Onjiko point guard Alvin Otieno was voted the Most Valuable player while Janet Ngoya won the girls’s MVP award after helping Ototo Mixed Secondary edge St Bridgit 14-8 to win the national title.
Kesogon Secondary School from Rift Valley (volleyball girls), Ototo Mixed Secondary School (basketball 3x3 girls), Ruthimitu (volleyball boys), Mwira Mixed Secondary School (rugby girls), and Oyugi Ogango Secondary School (netball) also won their maiden titles.
In football, St Anthony’s Boys Kitale midfielder Aldrine Kibet won the MVP award after helping the Rift Valley giants reclaim the title they won in 2019.
Kibet scored a brace as Kitale defeated Dagoretti High School 2-0 to win the title.
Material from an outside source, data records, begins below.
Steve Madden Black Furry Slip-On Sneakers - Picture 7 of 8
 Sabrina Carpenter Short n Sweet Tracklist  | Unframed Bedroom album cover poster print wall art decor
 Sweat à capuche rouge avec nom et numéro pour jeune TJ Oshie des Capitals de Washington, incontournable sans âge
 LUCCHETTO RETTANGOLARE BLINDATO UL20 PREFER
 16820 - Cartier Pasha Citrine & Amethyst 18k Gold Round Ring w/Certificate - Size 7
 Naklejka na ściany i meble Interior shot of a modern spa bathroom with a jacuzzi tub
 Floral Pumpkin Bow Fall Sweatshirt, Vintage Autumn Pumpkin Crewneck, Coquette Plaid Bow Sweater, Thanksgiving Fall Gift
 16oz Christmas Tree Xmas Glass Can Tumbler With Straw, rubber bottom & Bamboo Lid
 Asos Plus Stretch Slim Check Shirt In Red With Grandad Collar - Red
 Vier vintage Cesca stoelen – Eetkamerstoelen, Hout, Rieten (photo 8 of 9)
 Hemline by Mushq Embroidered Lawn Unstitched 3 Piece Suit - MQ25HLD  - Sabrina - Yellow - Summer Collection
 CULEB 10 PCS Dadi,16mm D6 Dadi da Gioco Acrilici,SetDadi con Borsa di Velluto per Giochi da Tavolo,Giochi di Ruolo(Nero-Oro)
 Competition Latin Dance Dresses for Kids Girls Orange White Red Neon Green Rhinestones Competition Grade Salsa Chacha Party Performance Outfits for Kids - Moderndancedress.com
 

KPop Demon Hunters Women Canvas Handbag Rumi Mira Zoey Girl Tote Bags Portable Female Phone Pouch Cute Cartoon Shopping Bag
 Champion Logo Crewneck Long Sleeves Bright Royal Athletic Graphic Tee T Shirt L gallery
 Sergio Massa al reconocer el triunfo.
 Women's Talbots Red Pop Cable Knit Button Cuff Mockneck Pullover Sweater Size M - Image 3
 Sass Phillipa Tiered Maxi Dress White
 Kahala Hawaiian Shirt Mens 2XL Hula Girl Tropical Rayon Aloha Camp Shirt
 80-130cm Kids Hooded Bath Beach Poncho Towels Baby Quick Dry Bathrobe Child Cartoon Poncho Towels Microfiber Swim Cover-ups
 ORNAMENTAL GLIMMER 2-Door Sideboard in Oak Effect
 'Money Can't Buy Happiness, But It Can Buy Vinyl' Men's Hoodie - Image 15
The Spain-bound midfielder's star rose even higher after trending on social media for the rest of Saturday evening and Sunday morning with his long-range thunder strike, being the highlight of the talks.
Kibet is set to join Nastic Sports Academy in Spain after completing his KCSE exams in November.
Another star on the rise was Koyonzo Secondary School’s Brandon Mulefu.
The giant winger scored 14 tries in rugby Sevens to add to his physic, speed, and physical style of play that lifted fans to their feet at the Bull Ring.